─── Given information

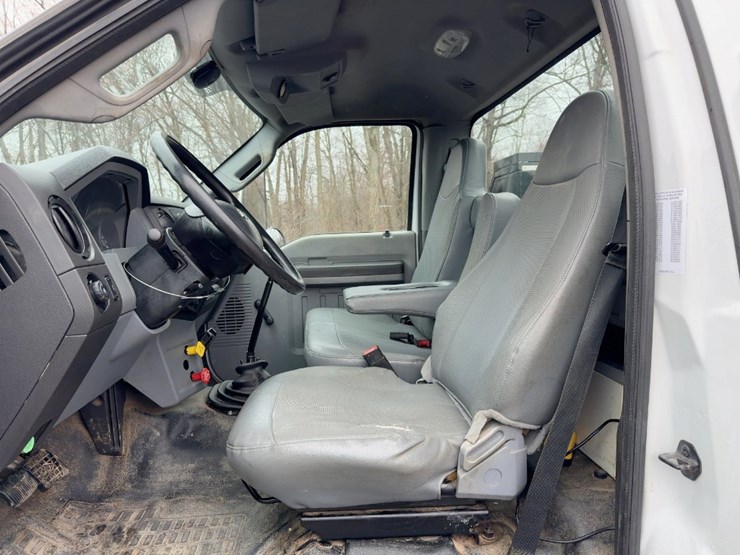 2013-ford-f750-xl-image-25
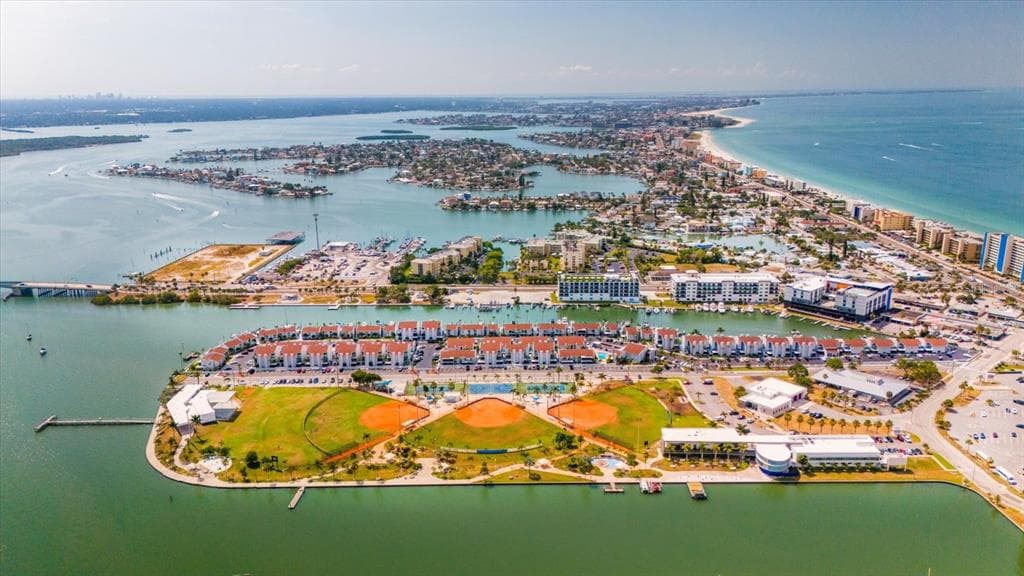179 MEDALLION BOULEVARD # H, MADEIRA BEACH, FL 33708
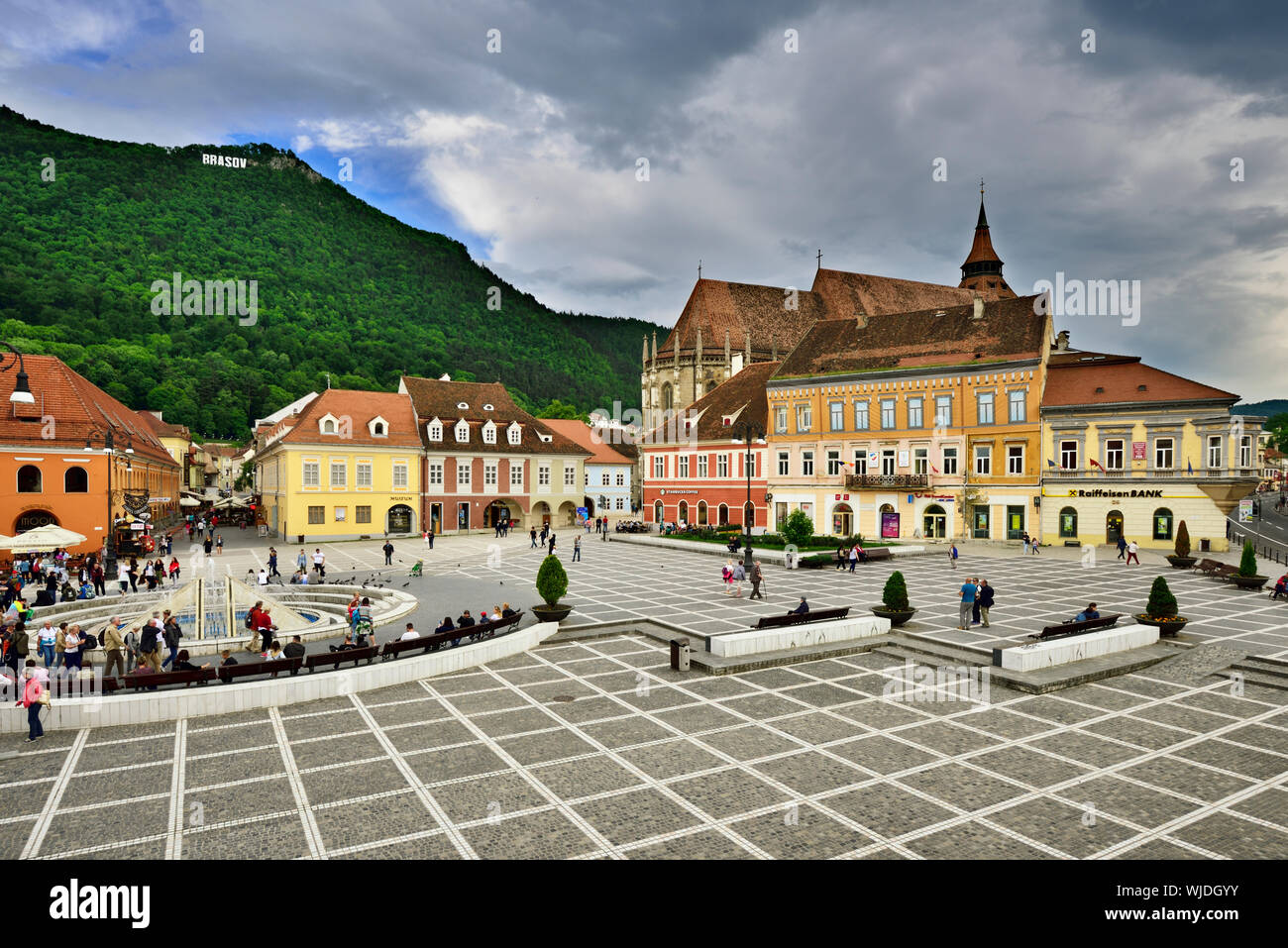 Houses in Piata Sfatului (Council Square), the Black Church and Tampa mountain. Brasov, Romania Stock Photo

──────

▸ **Action item**: Return the data verbatim, leaving out the pictures it holds.

▸ **Exercise result**:
 2013-ford-f750-xl-image-25
179 MEDALLION BOULEVARD # H, MADEIRA BEACH, FL 33708
 Houses in Piata Sfatului (Council Square), the Black Church and Tampa mountain. Brasov, Romania Stock Photo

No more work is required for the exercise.